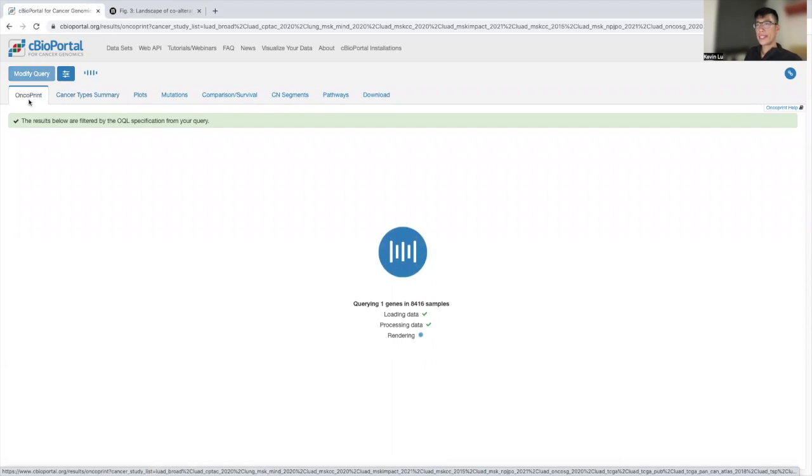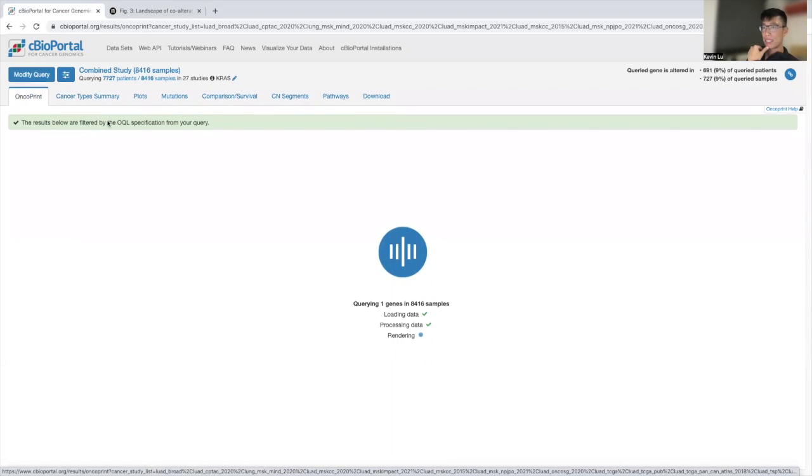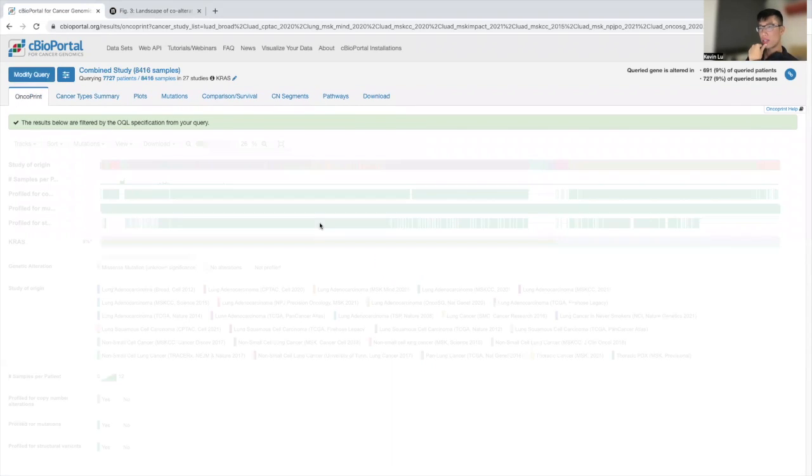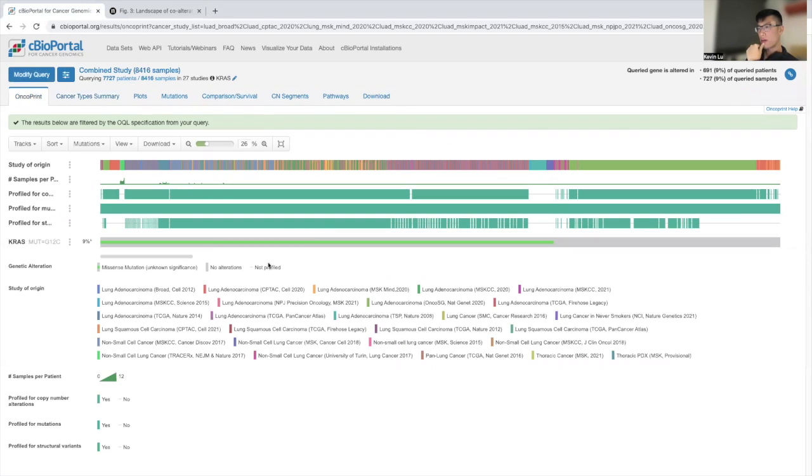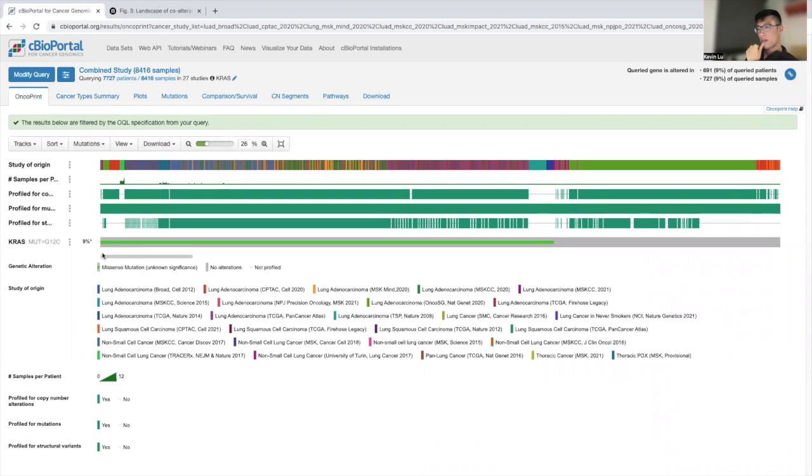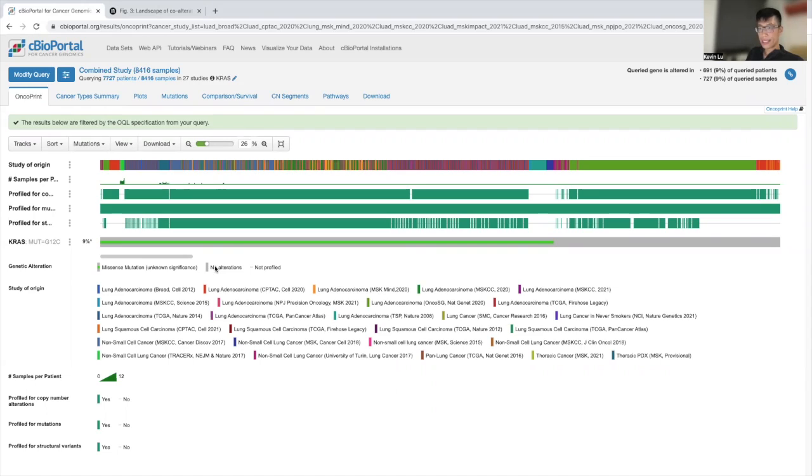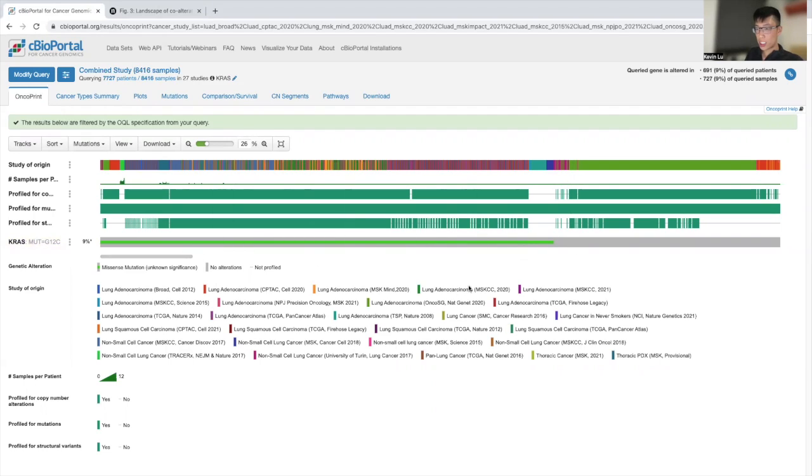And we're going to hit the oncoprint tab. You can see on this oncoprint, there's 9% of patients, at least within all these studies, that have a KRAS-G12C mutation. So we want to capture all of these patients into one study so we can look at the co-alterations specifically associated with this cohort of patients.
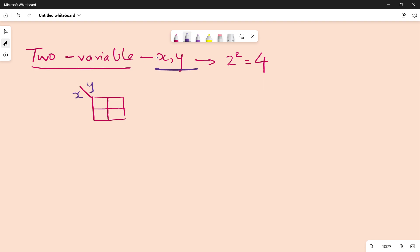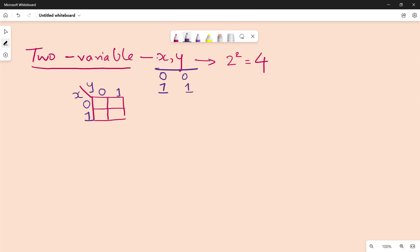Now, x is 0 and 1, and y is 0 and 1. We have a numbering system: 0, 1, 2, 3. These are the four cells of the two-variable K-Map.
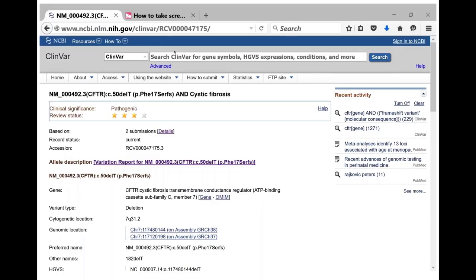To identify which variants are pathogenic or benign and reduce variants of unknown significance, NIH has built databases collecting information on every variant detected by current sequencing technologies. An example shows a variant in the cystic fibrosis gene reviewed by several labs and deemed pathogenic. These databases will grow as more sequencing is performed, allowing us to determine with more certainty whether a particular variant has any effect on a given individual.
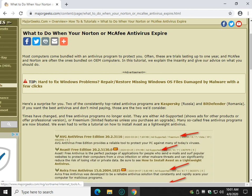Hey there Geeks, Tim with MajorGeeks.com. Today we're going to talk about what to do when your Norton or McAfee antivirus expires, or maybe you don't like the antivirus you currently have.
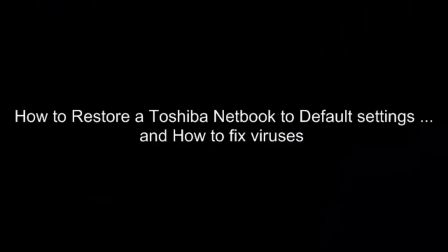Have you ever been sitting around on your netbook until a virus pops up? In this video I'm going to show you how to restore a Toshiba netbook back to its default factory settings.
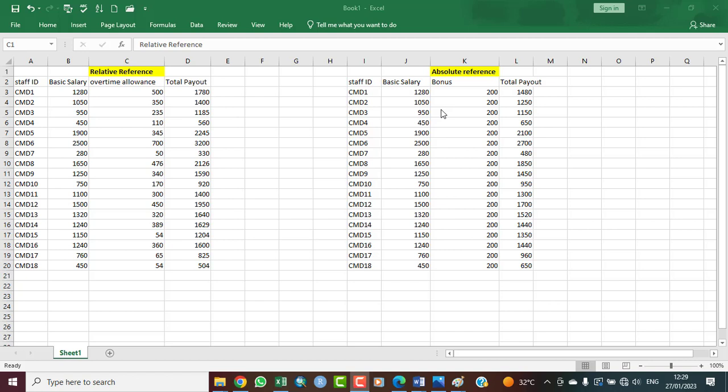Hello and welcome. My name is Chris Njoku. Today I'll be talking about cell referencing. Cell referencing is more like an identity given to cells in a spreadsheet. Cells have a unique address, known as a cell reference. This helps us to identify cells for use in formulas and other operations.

====

### What you will do
Give back, exactly and without pictures, the stretch of the records above from the line containing "Hey there Geeks, Tim" through the line containing "Have you ever", with both end lines included.

### Written response
Hey there Geeks, Tim with MajorGeeks.com. Today we're going to talk about what to do when your Norton or McAfee antivirus expires, or maybe you don't like the antivirus you currently have.
Have you ever been sitting around on your netbook until a virus pops up? In this video I'm going to show you how to restore a Toshiba netbook back to its default factory settings.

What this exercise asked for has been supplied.